Ukraine Needs the IMF's Tough Love
The International Monetary Fund has threatened to cut off aid to Ukraine unless the government finally cracks down on corruption. It’s the right message, and the fund should be prepared to follow through if President Petro Poroshenko fails to deliver.
Make no mistake: This would be a devastating blow for a country still struggling with a Russia-inspired insurgency in its eastern provinces. The IMF-led $40 billion aid program is keeping Ukraine’s economy alive, if just barely.
The unfortunate truth is, independent Ukraine has so far shown itself incapable of reform. It’s been almost two years since former President Viktor Yanukovych was ousted (and Russia, in response, annexed Crimea). With the conflict in the eastern Donbas region now merely simmering, the greatest threat to Ukraine’s continued existence as an independent state is its own corruption.
The country’s persistent vulnerability to this problem has inspired two popular uprisings, in 2004 and 2013. And corruption, especially in the energy field, is what has exposed the country to manipulation -- and, later, invasion -- by Russia.
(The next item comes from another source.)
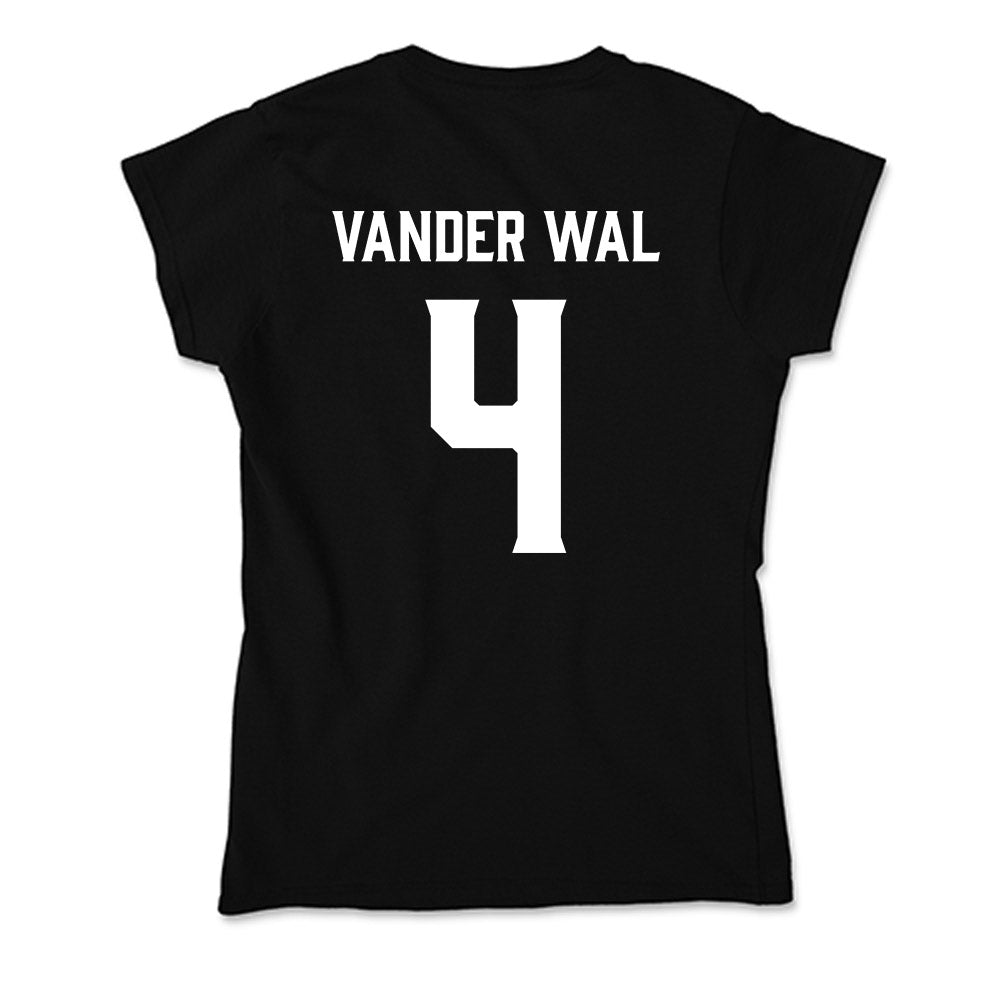 Furman - NCAA Men's Basketball : Ben Vander Wal - Soft Style Women’s T-Shirt-1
So what to do? After IMF Managing Director Christine Lagarde issued her threat, Poroshenko promised to deliver a road map to reform. It should include at least three proposals.
First, Ukraine needs an enforceable schedule for the privatizing most of the country’s 3,000-plus state-owned companies, whose losses are bleeding the budget dry. Under the country’s post-Soviet system, the profits these companies earn are privatized, but assets and losses remain the responsibility of the state. So, oligarchs pay stooges in parliament and government ministries to ensure that their people are put in charge of state enterprises. These appointees, in turn, can siphon revenues to their bosses -- and pass losses on to the state.
Naturally, it will take time to sell so many companies. In the meantime, Ukraine should form an independent committee of technocrats to cull corrupt managers and replace them with professionals.
Also, special prosecutors, who at last are being hired to work with the new National Anti-Corruption Bureau, need to be protected from interference, so that corrupt officials can be brought to trial. Ideally their trials will be held before special corruption courts run by judges from outside Ukraine’s compromised judiciary -- if need be, from abroad.
Poroshenko must understand that Ukraine has reached a tipping point. Its Western donors are running out of patience, and so are some of its own leaders. Earlier this month, Aivaras Abromavicius, the reformist economy minister, resigned, protesting that he could no longer act as a “smokescreen” for malfeasance, including meddling in state enterprise appointments by a legislator who is a close business associate of Poroshenko’s. Finance Minister Natalie Jaresko and other technocrats who had hoped to produce change are also threatening to resign.
Poroshenko’s promised road map will need to satisfy Western donors and reformist ministers alike. Indeed, the proposals it contains should be solid enough to persuade Abromavicius to return to his job. No one is in a better position to judge whether the government is getting serious about reform.